Ocho en punto, la hora de la creatividad. Rosella se instala plácidamente frente a su monitor de 21 pulgadas. Posa sus dedos tal cual como le enseñaron: mano izquierda asdf, mano derecha ñlkj, simultáneamente.
La taza de café sobre el portavaso humea. Ella piensa - o cree que piensa - . Los minutos pasan y la historia que pensó mientras venía en el BMW la vació en la calle, justo al lado de aquel hombre feliz, un carpintero tal vez.
Rosella sabe que puede escribir, mejor aún, su postgrado en La Complutense de Madrid así lo demuestra. La música clásica suena, no así su teclado IBM. Se Frustra. El café está frío, opta por una copa de vino tinto que la perfuma. A través del ventanal observa las luces silenciosas de la ciudad. Espía a su alrededor y proclama: “hoy tampoco es mi día”. Y parte.

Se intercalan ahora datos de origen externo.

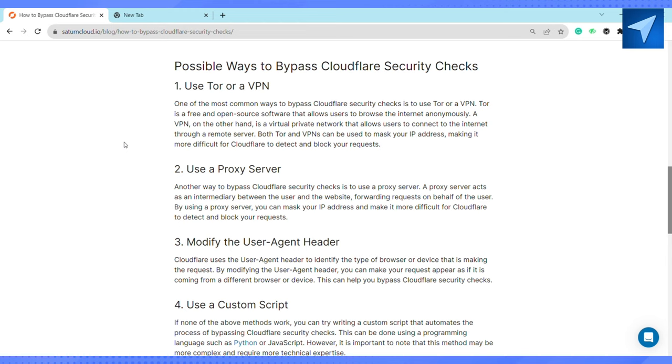A proxy server acts as an intermediary between the user and the website, forwarding requests on behalf of the user. By using a proxy server, you can mask your IP address and make it more difficult for Cloudflare to detect and block your requests. If that doesn't work, you can modify the user-agent header.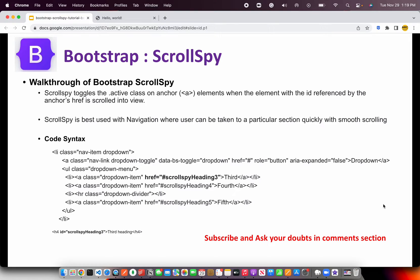So what is Scroll Spy? Scroll Spy toggles the active class on an anchor element when the element with the ID referenced by the anchor href is scrolled into view. This is especially useful when you are building single page applications because you will have a single navigation and smooth scrolling that takes you to a particular section and also highlights the link with the active class.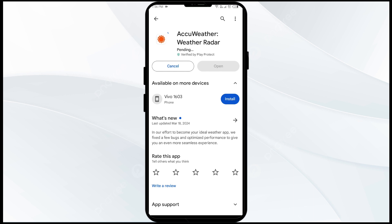If none of the above methods work, the issue may be that the AccuWeather app server is down. In such cases, you may need to wait for some time and try again later. Thank you for watching our video — we hope these solutions help resolve the AccuWeather app issue for you.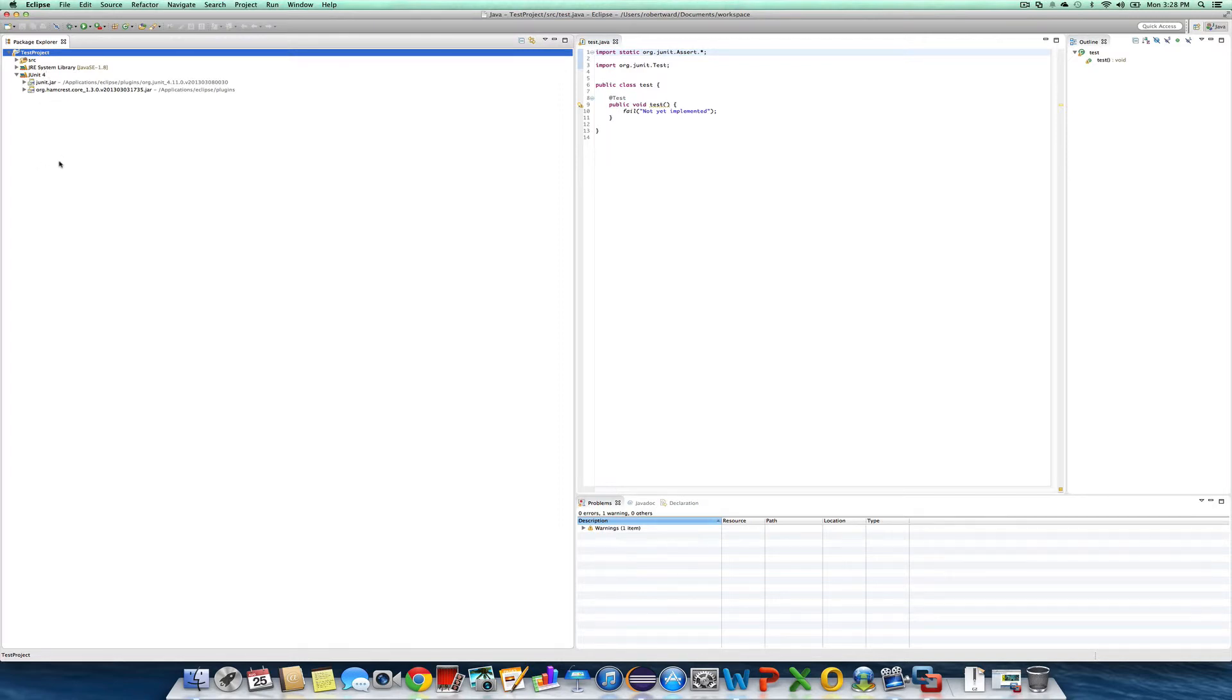In the next video, I'll import the Assignment 2 project, which will be the last part of Assignment 1.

Bajo el neón de la cerveza se contornea, sus yemas se deslizan por el borde de la copa que sostiene. Así se deslizarán por algún abdomen portentoso esta noche. “Buscando historias”, dice ella.
Así ha pasado días, o mejor dicho, noches. Noches buscando historias, deleitándose, haciendo un ritual de inspiración. Acaba la noche y acaba ella, acaba él también. Vuelta a la rutina.
Ocho en punto, la hora de despertarse. Al despacho de papá directo con café expreso. “Ocho veces la han llamado señora Rosella, que pase buscando los exámenes por allá”.
Ocho en punto, la hora de la desolación. Se acuerda de la Chappard, de “Magic”, de Mercury. Ella piensa – ahora sí – que nada de esto hubiera pasado de haber puesto dos puntos en la primera oración de este cuento.